1. What is the exact reason to hire now?
It seems like an obvious and almost redundant question, but the hiring process looks very different when it is about adding a new salesman or bringing new expertise or skills to the team, so making the reason for hiring crystal clear at the very beginning of the process saves plenty of mess, complications, delays and frustrations.
2. Have you got a great Job Description?
Many small business owners make the mistake of skipping this part of the pre-hiring homework. Job description is like an anchor during the hiring process. It is necessary not only for the candidate’s clarity about the role, but also for the hiring managers to remain focused on looking for the right qualifications that are critical for the success of the future new employee. It helps avoid personal biases and helps to be more objective and focused.
3. Have you got a “perfect candidate” profile?
Just like the entrepreneurial business’s Avatar – the model of a perfect client, in recruiting you need your candidates’ profile to know who they are, where they are, what they do and plenty more. Writing it all down before taking any action, especially before posting the job on social media, is very useful. It also helps to identify who is not right for you.
4. How good are your interviewing skills?
Asking questions and having an easy conversation is easy but not when a great job in your growing business is at stake. Every question is important and brings information to the table. Asking the right ones to collect the right information is the first secret of a great interview. Interpreting the answers and figuring out what they represent is the next level of this art.
5. Have you got an interviewing method or strategy?
I’m sure you have heard of the ” comparing apple to apple” business technique. Many very experienced business people are very inexperienced in selecting talent. This usually shows during the last stage of their interviewing process when they try to decide which of the candidates they have seen is the RIGHT one. Hiring managers can choose from a variety of methods to interview candidates as long as the method allows them to compare “apple to apple” at the end of the process. Random conversations that look and sound different every time lead to an “I don’t know” situation, which means that the final hiring decision is made by the” gut feeling” – the worst possible way of hiring.
6. Do you know when and how to apply your “gut feeling” and intuition?

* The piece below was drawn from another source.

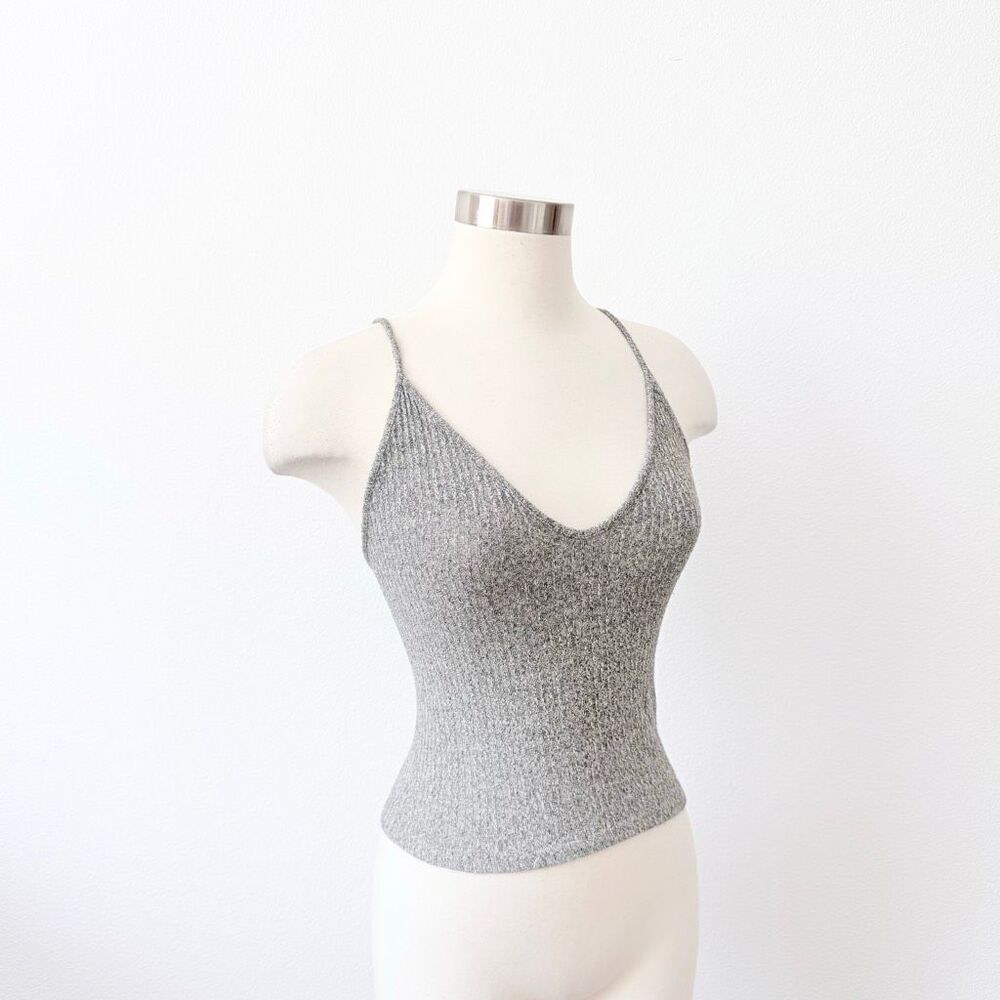 Brandy Melville Gray Grey Ribbed V Neck Tank Top Cropped XS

We all want to hire and work with people who are competent – who CAN do the job, hard-working – who WILL do the job, and nice – who we will LIKE. Our interviewing should cover all three angles but it’s only in the last part – which is about candidates Emotional Intelligence, where we actually can start listening to our intuition and make the most out of our self-awareness.
7. Is your Employer Value Proposition positively differentiating you from the competition?
Candidates who are actively looking for a new job usually comb the market and know which companies they would like to work for. Chances are their research is better than yours, and it’s ok, as long as you know what is it about your company that should make them consider you first. Salary is usually not the most powerful advantage because employees are attracted to a lot more than just money these days. Broad and well-presented EVP can help with getting an amazing person to work for you.
8. Do you know how to ensure a very positive candidate’s experience (so that they all want to become your employee tomorrow)?
Very often candidates walk away from the interviewing process with a sense of being poorly treated. A proper start, great interviews, and simple but personalized feedback, in the end, will make every candidate, who did not land the job with you, walk away gutted. These people can be your “talent pipeline” for the future, but also the best advertisers for your brand. If you truly want to grow your business your Employer Brand should matter and a respectful interviewing process is an excellent opportunity to build a solid base for it.
9. Do you know what can be compromised and how to choose the best new joiner for your team?
If you did a good job interviewing you have a lot of valuable information about each of the candidates, but at the end of the process, there is often a dilemma between the last two. This can be tricky because nobody is perfect.
If the job you are about to give is very precious and it matters to the growth of your business, making the right choice between the last two candidates means you need to compromise somewhere between smartness, capabilities, or personality.